Женя ему шутя сказала:
— Включайтесь в наш кружок, мы вас живо научим.
Он замахал руками:
— Нет уж, избавьте, к себе меня не включайте, лучше проживу без английского!
Но не долго он прожил, бедняга! В конце 1937 года его за либерализм в общении с "врагами народа" арестовали. Говорят, Монахов умер на пересылке во Владивостоке.
Он скрасил нам год жизни в тюрьме. Это был очень хороший человек.
Тяжелы были ночи. Устав, я засыпала как убитая, но в два часа просыпалась, как от укола в сердце. Больше спать я не могла, и часы до подъема были невероятно мучительны. Вставать, читать не разрешали, вертеться было нельзя, очень чутко спала Женя, жалко было ее будить. Я лежала тихо, с закрытыми глазами и училась не вспоминать. Малейшее ослабление воли, и всплывают лица детей, мужа, матери. Нельзя, нельзя, а то начнешь кричать.
В эти ночи я узнала, что можно управлять мыслями: одни пускать, другие гнать. Можно не вспоминать, не жалеть, не терзаться чувством вины перед собой, перед мужем, перед матерью за то, что не доделала что-то, кого-то обидела, мало любила, мало жалела. Можно… Но очень трудно.
После такой ночи я вставала, как избитая, и входила в норму только после часа гимнастики перед открытым окном.

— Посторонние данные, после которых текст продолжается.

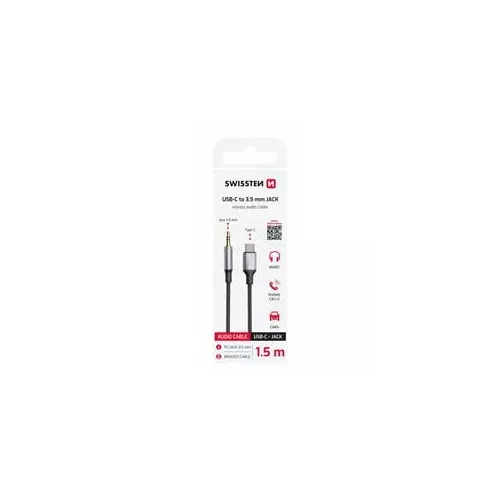 obrázek produktu Swissten Textile audio adaptér USB-C/3,5mm Jack 1,5 m, černý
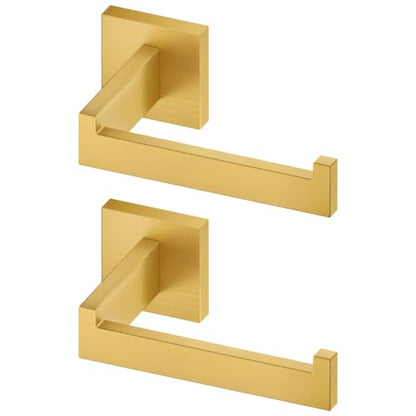 KOKOSIRI Gold Toilet Paper Holder Toilet Roll Holder for Bathroom Kitchen Washroom T-304 Stainless Steel Wall Mounted, 2 Pack, B2003BG-P2 - color: Brushed Gold, size: Without Shelf(2 Pack)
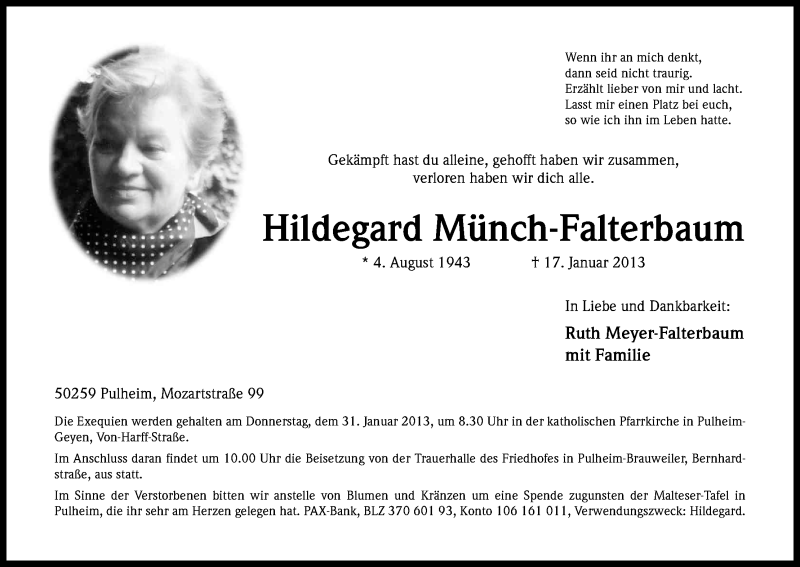  Traueranzeige für Hildegard Münch-Falterbaum vom 26.01.2013 aus Kölner Stadt-Anzeiger / Kölnische Rundschau / Express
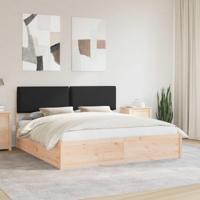 Bedframe met Gevoerd Hoofdgedeelte Zwart 200 x 200 cm - thumbnail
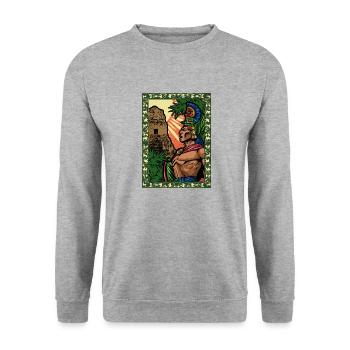 Guatemala Guatemalan Flagge DNA I Geschenk - Unisex Pullover - Weißgrau meliert - Vorne - Alina (178cm) & Michal (187cm)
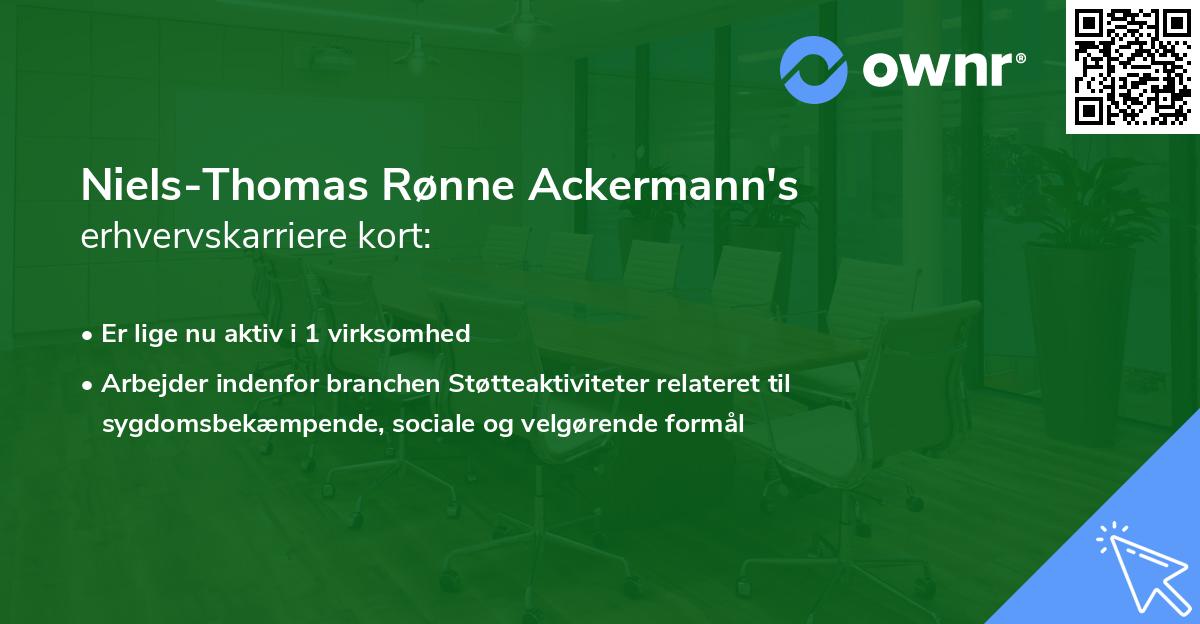 Niels-Thomas Rønne Ackermann's erhvervskarriere kort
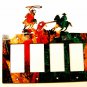 Rodeo Cowboy Bull Ropiing Quadruple Rocker Outlet Cover Plate Steel Images USA G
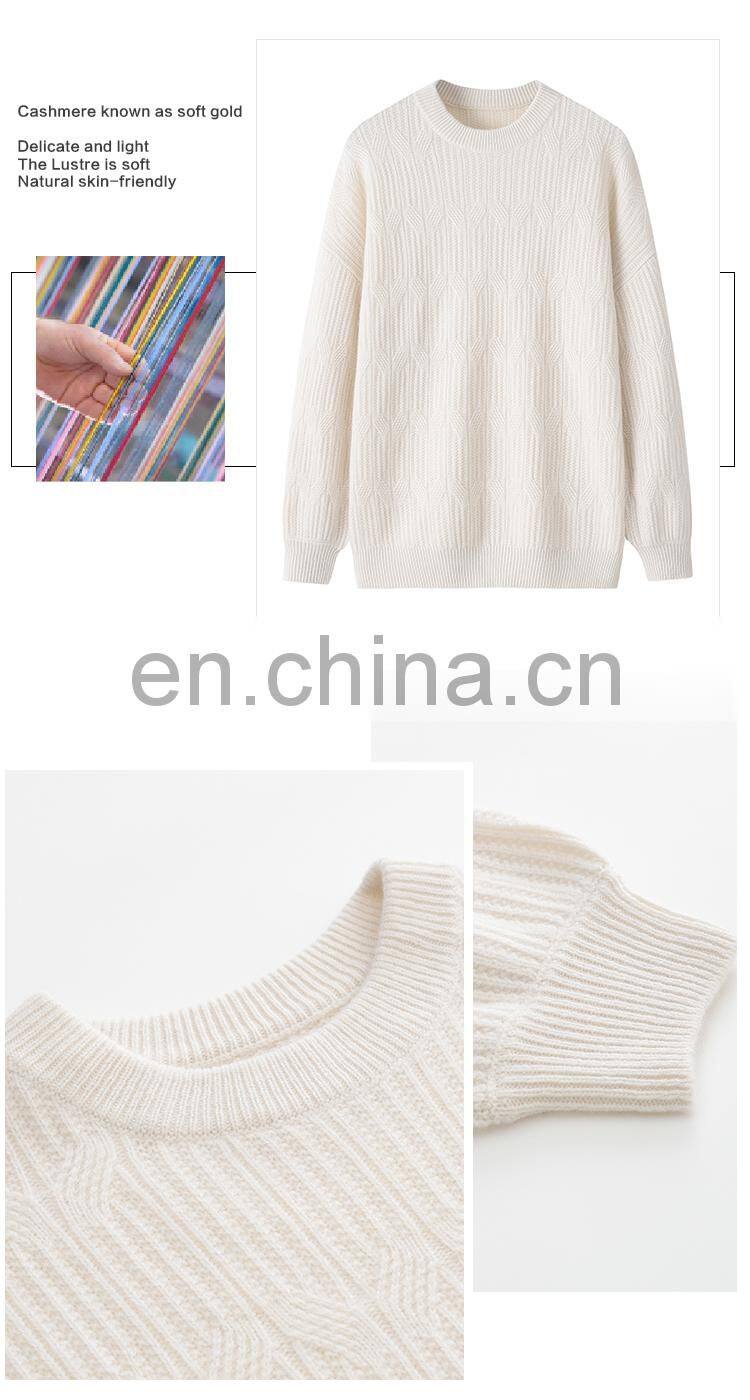 High-End Women's Winter Casual 100% Cashmere Sweater Long Sleeve Solid Pattern Crew Neck Knitted Weave with Front Logo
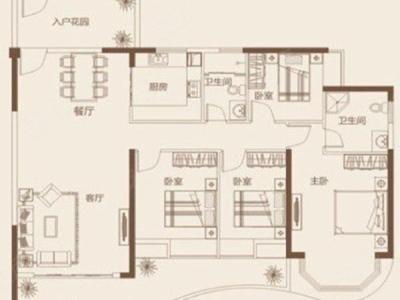 东方威尼斯小区2室1厅1卫户型图2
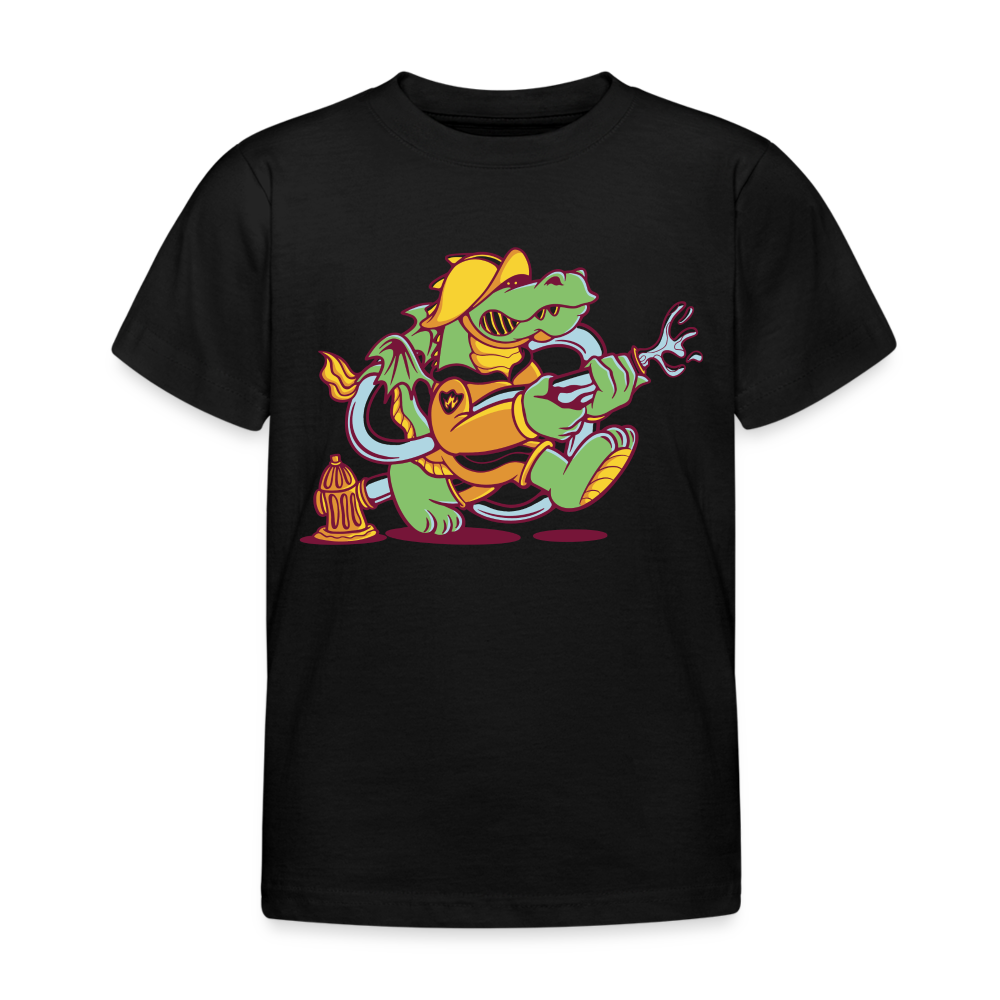 Kinder T-Shirt "Feuerwehr Drachen" - Schwarz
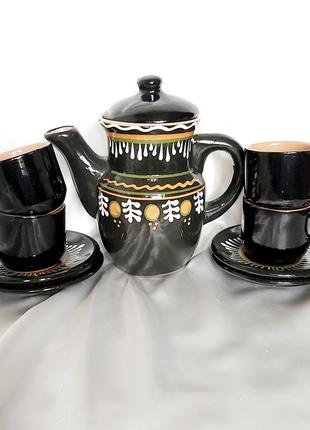 Сервіз майоліка чайник чашки кераміка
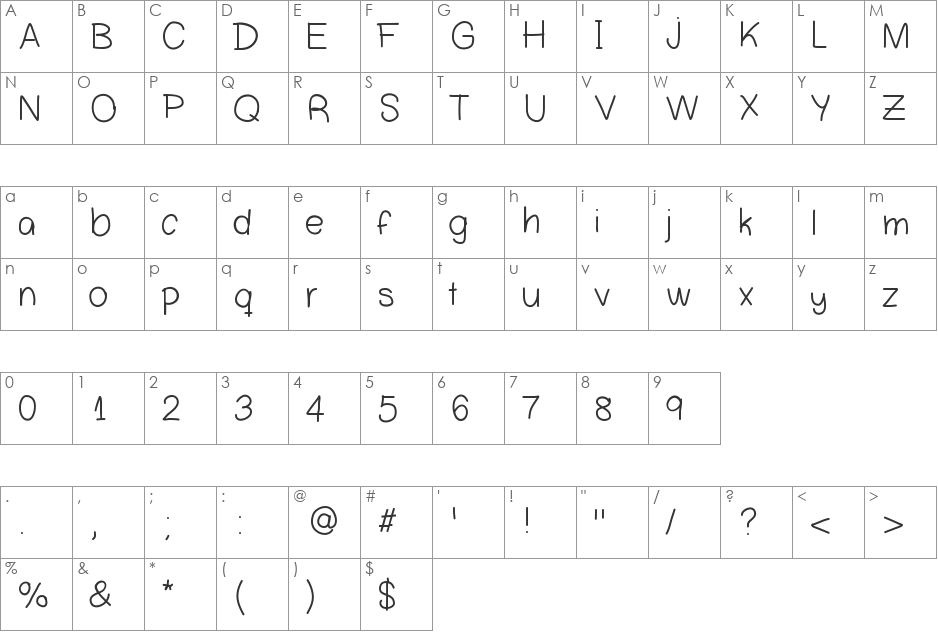Clensey font character map preview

Один раз к нам пришел фельдшер давать лекарство. Сзади, как всегда, стоял конвоир (фельдшер был заключенный). Вливая Лиде в глаза капли, он прошептал:
— Умер Сергей Луковецкий, просил передать на волю: невиновен. Умираю коммунистом.
В другой раз он шепнул:
— Умерла Соня Ашкенази. Утром нашли.
Я вспомнила ее прекрасные глаза и то, как она меня поцеловала перед судом. Умерла.
Так мы прожили целый год. А осенью 1937 года вдруг перестали давать книги из библиотеки. Мы жили без книг месяцы, и, наконец, нам дали новый каталог, где учебники были в объеме средней школы, иностранных и научных книг вообще не было. Каталог художественной литературы занимал пять страничек на машинке. Разрешалось брать по одной книге на неделю. Это был ужасный удар. Мы плакали, как будто получили дополнительный срок. Мы гадали, почему так сделали, и Женя предположила, что через книги заключенные переписывались, сами виноваты.